It was also said that an agreement was being discussed with Tonga as well.
The official said that Beijing was establishing security perches in the Indo-Pacific with the help of these security agreements. The official also told the Financial Times that the security agreements are similar to what was agreed upon with Solomon Islands.
The move is evidence that China is expanding its sphere of influence in the Indo-Pacific with an aim to counter Australia and the US.
Another US state department official expressed concerns that China is making ‘a global effort to expand the places where they can operate in military or quasi-military ways’.

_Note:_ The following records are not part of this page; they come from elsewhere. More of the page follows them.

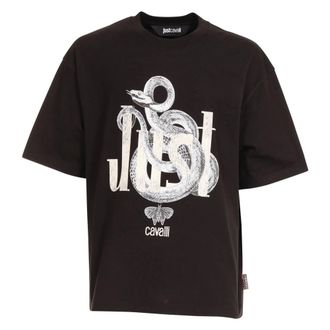 Roberto Cavalli Camiseta Gr&aacute;fica - Tops - Hombre - Negro - L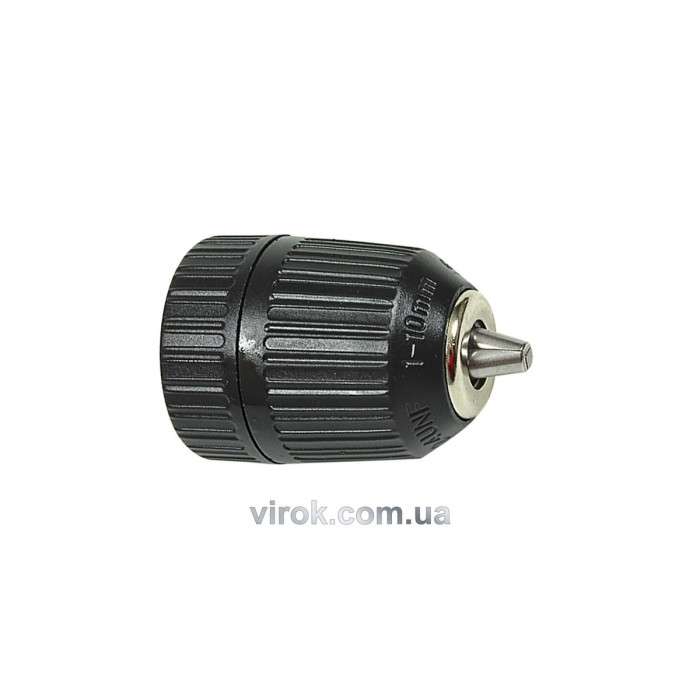 Патрон для дриля VOREL Ø-10мм 3/8" швидкозатискний  [10/40]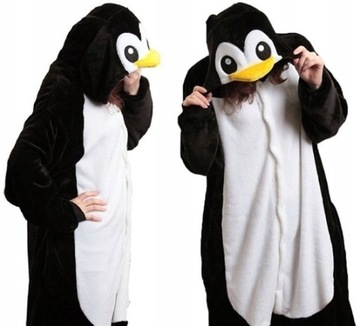 KOMBINEZON ONESIE PIŻAMA DRES PINGWIN rozm. XL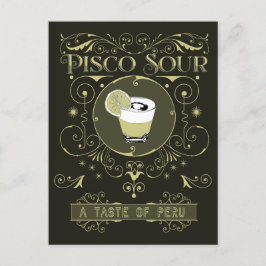 Vintage Pisco Sour Vykort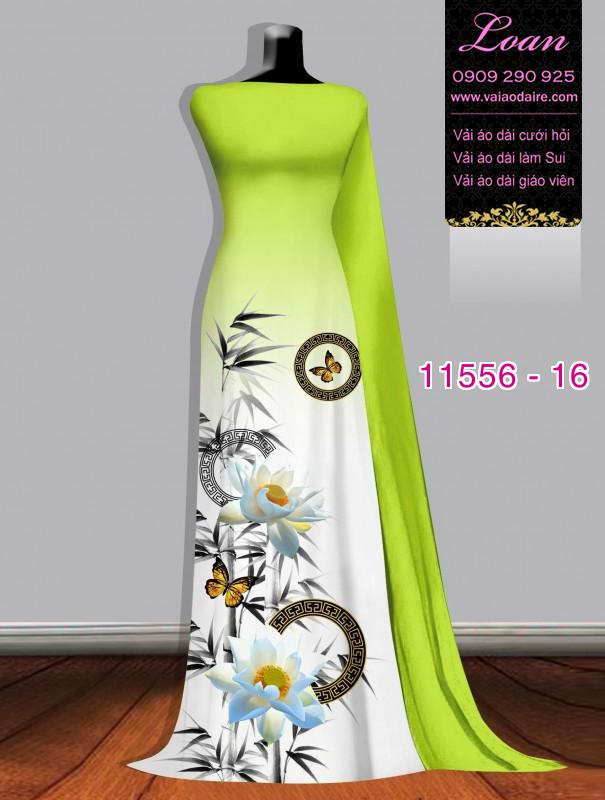 Vải áo dài hoa 3D Vải áo dài hoa 3D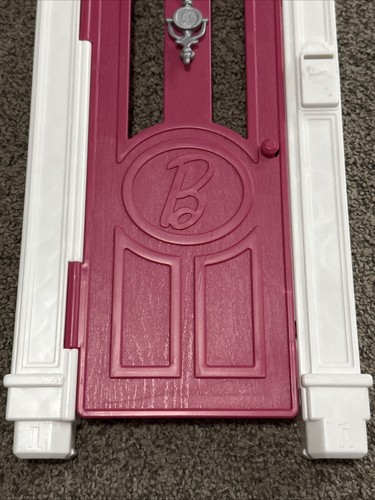 Barbie Traumhaus 2015 rosa Haustür Ersatzteil mit Klopfer - Bild 2 von 4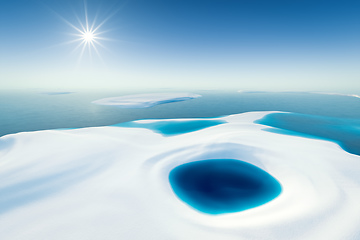 Image showing north pole scenery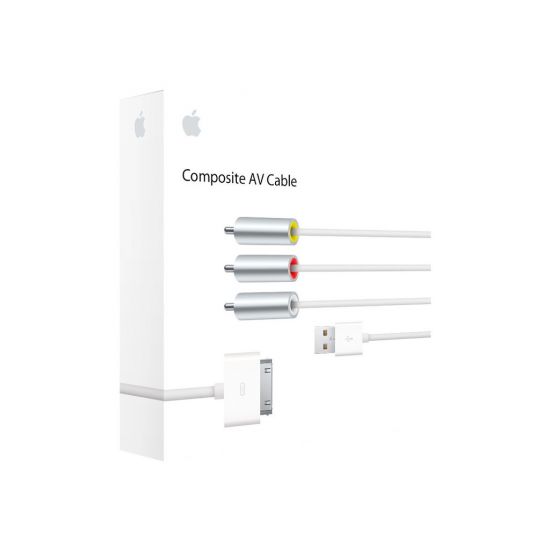 Apple Composite AV Cable - kabel til strøm / audio / video - sammensat video / audio
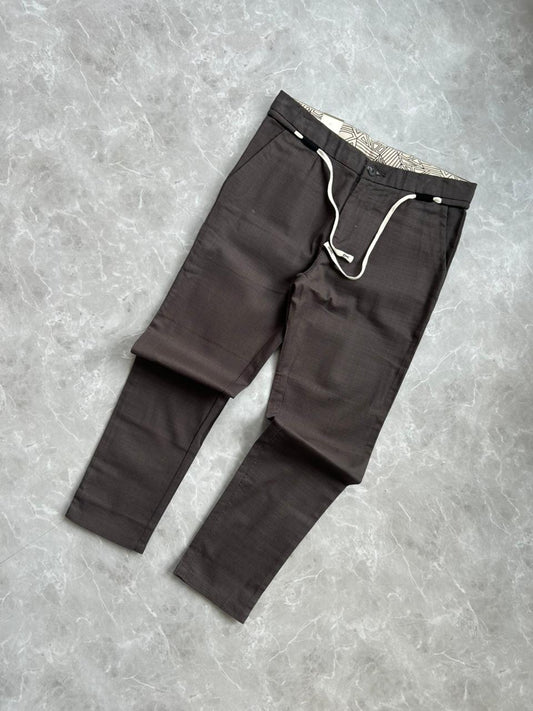 GRAY LINEN TROUSERS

The US has more to worry about because the talks with Kiribati are at an advanced stage. Kiribati, the Pacific Island nation, is 3000 kms away from the US state of Hawaii where the US Indo-Pacific Command is based.
The draft agreement between China and Solomon Islands allows the former to send police and even military forces to the islands, increasing concerns for AUKUS partners Australia and the United States – who are also members of the Quad grouping.
The finding comes at a time when US president Joe Biden is in the neighborhood and it remains unclear whether this issue will come up during the Quad meeting in Tokyo next week.
Kiribati for its part has denied entering into any new kind of security deal. Their foreign minister Michael Foon dismissed the reports. However, the opposition leader Tessie Eria Lambourne warned against being part of China’s plans.
“We are next in China’s plan to establish its military presence in strategic locations in our region,” she said. She also said that the local population was opposed to Chinese presence.
The Chinese diplomats in return for Kiribati’s obedience will now allow restarting a space tracking station in the island-nation.
The Chinese stopped work in the station after Kiribati established diplomatic ties with Taiwan after 2003 but after it switched its loyalties to Beijing in 2019, work is likely to restart buoyed by the talks of security agreement.
The Chinese are also upgrading an international airport in Luganville, Vanuatu, a major US military base during World War II, after a deal was struck between both parties on Friday.